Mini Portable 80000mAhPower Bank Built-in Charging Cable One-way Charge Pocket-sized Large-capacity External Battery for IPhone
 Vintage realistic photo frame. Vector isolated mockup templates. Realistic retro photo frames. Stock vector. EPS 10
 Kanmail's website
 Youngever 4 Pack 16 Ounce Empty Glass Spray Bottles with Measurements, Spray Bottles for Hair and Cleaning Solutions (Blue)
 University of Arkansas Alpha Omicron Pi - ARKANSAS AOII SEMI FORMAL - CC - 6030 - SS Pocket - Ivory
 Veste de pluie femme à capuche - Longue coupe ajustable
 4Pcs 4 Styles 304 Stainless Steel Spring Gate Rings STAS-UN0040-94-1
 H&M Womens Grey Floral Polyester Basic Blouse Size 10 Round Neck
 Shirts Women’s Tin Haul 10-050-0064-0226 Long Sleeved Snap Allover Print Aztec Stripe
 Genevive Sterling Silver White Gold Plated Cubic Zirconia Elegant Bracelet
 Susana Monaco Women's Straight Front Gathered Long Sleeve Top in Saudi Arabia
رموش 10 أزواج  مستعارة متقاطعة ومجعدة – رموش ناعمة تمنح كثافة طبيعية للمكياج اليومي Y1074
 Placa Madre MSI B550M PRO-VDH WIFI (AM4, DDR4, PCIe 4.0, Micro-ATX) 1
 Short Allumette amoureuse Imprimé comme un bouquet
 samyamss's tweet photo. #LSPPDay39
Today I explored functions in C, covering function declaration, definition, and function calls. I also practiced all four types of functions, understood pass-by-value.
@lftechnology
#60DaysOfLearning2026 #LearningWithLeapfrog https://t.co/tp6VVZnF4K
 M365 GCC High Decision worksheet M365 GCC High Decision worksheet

▶ **ASSIGNMENT**:
Your answer must be every line from the listing above that holds the string "Pocket".

▶ **ANSWER FOR THE TASK**:
Mini Portable 80000mAhPower Bank Built-in Charging Cable One-way Charge Pocket-sized Large-capacity External Battery for IPhone
 University of Arkansas Alpha Omicron Pi - ARKANSAS AOII SEMI FORMAL - CC - 6030 - SS Pocket - Ivory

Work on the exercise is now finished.